JAKARTA: A lawyer for three Muslim militants sentenced to death for their role in the deadly 2002 Bali bombings Wednesday complained that a rejection of their final appeals had not followed legal procedure. Indonesia’s Supreme Court announced this month that it had rejected demands for a case review for the three bombers, Amrozi, Ali Ghufron and Imam Samudra. Such a demand was their final chance to make an appeal through the Indonesian legal system. Only a presidential pardon can now prevent them from facing a firing squad for their role in the bombings that killed 202 people. Michdan said that the verdicts were announced during a press conference without going through the normal process of informing the defendants first.
--AFP

BEIJING: China is threatening the death penalty for people who steel copper wire, thereby destroying power lines and disrupting telecommunications, state media said Wednesday. The stern warning comes amid a wave of cases in which people have stolen copper wire to sell to recycling businesses amid desperate demand for the metal caused by a booming economy, the China Daily reported. It said the Supreme Court had ruled thieves could receive the death penalty if their actions risk causing fatal accidents. The death penalty is also an option if thieves cause blackouts that affect more than 10,000 people for more than six hours, or result in economic losses of more than one million yuan ($130,000), the paper said.
--AFP

KABUL: NATO and US-led troops backed up by warplanes have killed more than 120 Taliban insurgents in two major battles in southern Afghanistan, officials said Wednesday. One soldier was killed, a trooper with the 15,000-strong US-led coalition who died during a daylong gun battle in the restive province of Helmand on Tuesday. Around 60 rebels were killed in that battle, the coalition said, adding that air power was also used. The fighting erupted during an Afghan and coalition patrol aimed at clearing an area near the Taliban-controlled district center of Musa Qala in Helmand. More than 65 rebels were killed late Tuesday in a similar battle in the south-central province of Uruzgan, another hotbed for the Taliban insurgents, said a separate NATO-led force which has around 40,000 troops.
--AFP

NAIROBI: Fresh rainfalls and slow relief have deepened the humanitarian crisis caused by record floods in Africa which have affected more than 1.5 million people and killed at least 300, aid agencies warned Tuesday. The worst floods in three decades have now affected 22 countries, displacing hundreds of thousands and starkly raising the risk of epidemics since the deluge hit parts of the continent in July.
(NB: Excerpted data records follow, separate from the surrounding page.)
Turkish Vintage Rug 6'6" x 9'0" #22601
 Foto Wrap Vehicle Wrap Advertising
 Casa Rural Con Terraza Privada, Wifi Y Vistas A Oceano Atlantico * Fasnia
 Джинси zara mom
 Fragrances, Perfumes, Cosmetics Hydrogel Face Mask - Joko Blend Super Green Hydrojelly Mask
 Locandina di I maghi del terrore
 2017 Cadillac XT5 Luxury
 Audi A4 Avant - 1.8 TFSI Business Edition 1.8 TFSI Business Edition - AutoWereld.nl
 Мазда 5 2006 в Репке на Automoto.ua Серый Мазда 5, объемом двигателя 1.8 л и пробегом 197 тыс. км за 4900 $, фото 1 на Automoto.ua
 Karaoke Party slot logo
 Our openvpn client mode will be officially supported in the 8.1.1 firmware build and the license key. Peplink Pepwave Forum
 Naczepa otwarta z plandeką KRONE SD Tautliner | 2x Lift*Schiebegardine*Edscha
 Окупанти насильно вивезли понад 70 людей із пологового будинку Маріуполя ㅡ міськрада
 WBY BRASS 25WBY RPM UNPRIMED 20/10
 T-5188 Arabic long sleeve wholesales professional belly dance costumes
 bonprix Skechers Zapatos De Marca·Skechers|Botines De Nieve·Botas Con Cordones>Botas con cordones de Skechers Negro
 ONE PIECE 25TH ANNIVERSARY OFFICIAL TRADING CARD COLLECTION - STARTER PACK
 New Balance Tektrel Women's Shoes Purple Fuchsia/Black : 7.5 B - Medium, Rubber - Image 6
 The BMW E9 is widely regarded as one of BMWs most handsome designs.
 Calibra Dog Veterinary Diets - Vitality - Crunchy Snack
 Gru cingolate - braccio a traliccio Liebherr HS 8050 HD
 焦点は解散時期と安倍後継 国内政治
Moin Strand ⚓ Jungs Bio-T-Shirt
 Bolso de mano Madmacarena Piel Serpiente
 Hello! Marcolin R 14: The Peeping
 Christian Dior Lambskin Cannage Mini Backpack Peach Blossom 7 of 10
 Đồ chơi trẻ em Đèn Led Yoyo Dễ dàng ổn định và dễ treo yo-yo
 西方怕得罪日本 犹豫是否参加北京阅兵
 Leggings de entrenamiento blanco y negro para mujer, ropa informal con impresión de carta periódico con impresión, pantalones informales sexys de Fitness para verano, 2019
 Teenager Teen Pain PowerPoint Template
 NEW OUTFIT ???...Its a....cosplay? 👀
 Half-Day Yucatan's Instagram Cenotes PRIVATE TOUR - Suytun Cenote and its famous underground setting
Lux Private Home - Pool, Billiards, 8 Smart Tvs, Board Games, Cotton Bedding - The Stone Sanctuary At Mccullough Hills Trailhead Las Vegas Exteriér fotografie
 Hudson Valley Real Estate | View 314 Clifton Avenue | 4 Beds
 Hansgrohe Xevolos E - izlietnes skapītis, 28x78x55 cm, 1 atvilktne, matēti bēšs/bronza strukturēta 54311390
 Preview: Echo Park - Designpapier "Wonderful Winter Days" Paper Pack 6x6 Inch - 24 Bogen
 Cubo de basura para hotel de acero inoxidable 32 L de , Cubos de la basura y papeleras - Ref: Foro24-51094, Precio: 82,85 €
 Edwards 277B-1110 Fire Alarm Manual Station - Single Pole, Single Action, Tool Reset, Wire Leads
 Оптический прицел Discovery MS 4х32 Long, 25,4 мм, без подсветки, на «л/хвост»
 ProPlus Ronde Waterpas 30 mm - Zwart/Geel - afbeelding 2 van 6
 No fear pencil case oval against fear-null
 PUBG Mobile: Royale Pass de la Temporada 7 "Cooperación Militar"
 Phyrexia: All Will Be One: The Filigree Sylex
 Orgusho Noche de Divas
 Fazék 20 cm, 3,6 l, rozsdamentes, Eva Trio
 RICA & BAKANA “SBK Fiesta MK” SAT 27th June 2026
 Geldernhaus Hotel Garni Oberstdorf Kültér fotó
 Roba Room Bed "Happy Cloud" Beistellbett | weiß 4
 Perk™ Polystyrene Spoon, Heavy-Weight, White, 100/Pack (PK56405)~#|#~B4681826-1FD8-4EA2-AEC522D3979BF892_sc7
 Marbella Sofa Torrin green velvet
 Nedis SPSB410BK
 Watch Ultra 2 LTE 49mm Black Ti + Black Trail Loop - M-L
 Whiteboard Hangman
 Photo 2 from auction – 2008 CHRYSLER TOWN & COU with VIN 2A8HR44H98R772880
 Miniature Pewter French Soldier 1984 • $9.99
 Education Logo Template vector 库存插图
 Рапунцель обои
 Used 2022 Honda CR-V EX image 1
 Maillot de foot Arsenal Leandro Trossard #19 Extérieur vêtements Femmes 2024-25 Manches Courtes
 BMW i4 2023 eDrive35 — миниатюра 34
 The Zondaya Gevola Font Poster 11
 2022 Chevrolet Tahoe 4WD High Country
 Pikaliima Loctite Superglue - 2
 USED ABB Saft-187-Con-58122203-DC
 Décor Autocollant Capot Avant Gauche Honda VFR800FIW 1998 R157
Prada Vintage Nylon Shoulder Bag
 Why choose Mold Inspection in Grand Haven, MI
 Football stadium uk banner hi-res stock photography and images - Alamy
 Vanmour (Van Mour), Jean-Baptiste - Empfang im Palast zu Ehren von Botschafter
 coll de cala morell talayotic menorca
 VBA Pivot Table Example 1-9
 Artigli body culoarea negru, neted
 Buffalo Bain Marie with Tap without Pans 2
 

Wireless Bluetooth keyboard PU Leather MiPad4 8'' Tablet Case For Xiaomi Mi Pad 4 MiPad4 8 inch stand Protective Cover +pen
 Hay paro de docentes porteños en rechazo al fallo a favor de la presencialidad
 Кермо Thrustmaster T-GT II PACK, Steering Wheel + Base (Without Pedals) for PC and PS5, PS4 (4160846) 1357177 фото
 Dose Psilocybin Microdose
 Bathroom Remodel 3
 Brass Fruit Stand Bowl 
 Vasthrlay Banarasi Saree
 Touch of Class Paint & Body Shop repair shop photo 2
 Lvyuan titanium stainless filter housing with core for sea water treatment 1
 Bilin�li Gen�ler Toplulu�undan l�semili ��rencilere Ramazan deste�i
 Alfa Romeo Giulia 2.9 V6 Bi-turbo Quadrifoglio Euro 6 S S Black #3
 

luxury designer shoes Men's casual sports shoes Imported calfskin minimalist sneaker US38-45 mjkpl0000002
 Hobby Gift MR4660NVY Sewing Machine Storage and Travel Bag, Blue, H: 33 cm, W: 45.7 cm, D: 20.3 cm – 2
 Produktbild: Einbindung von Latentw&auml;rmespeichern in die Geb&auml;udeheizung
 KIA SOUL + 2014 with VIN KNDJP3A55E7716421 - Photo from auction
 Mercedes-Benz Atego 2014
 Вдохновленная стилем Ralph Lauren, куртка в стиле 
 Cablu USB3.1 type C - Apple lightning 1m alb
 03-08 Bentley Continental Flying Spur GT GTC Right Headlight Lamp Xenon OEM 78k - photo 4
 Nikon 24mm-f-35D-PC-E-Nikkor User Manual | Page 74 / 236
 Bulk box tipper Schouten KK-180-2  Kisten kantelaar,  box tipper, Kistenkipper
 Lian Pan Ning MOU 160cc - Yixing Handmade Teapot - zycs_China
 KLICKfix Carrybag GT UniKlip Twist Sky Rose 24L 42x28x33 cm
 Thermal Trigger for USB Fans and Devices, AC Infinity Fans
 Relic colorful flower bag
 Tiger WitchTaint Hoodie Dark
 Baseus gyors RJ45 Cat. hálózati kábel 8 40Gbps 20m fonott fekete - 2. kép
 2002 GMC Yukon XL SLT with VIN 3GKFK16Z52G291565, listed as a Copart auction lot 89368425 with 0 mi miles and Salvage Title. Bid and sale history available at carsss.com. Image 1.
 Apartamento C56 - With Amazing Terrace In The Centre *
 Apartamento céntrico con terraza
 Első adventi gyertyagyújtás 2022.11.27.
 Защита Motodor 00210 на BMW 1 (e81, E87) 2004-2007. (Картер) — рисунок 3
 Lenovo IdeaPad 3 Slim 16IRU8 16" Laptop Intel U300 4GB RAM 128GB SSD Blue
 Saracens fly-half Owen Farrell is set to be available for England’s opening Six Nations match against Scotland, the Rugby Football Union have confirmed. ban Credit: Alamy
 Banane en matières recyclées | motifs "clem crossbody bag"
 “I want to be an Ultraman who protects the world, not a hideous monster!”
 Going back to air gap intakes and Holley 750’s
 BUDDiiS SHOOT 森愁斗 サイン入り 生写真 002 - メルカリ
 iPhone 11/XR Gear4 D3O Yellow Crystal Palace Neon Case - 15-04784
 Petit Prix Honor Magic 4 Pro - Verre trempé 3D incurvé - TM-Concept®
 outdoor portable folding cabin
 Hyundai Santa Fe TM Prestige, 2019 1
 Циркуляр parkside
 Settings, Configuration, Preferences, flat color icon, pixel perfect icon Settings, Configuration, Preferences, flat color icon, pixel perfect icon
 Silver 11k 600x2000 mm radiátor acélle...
The worst-hit country since unprecedented downpours swept across the continent in August has been conflict-wracked Sudan, where the United Nations said up to 625,000 people could be in need of emergency aid. The World Food Program said it would begin airdrops of food next month in areas cut off by the severe flooding. The United States announced on Monday that it already allocated $500,000 in contributions to the relief effort in Uganda.
--AFP

WASHINGTON: In a move, which could slow the rate of US executions, the Supreme Court agreed Tuesday to consider the constitutionality of lethal injections used in almost all the country’s death penalty cases. Amid growing controversy over exactly how lethal injections are administered, the court said it would examine the cases of two men condemned to death in the Southern state of Kentucky. But despite the announcement, authorities in Texas said they planned to go ahead and administer a lethal injection later Tuesday to Michael Richard, 48, sentenced to death for raping and killing a mother of seven children in 1986.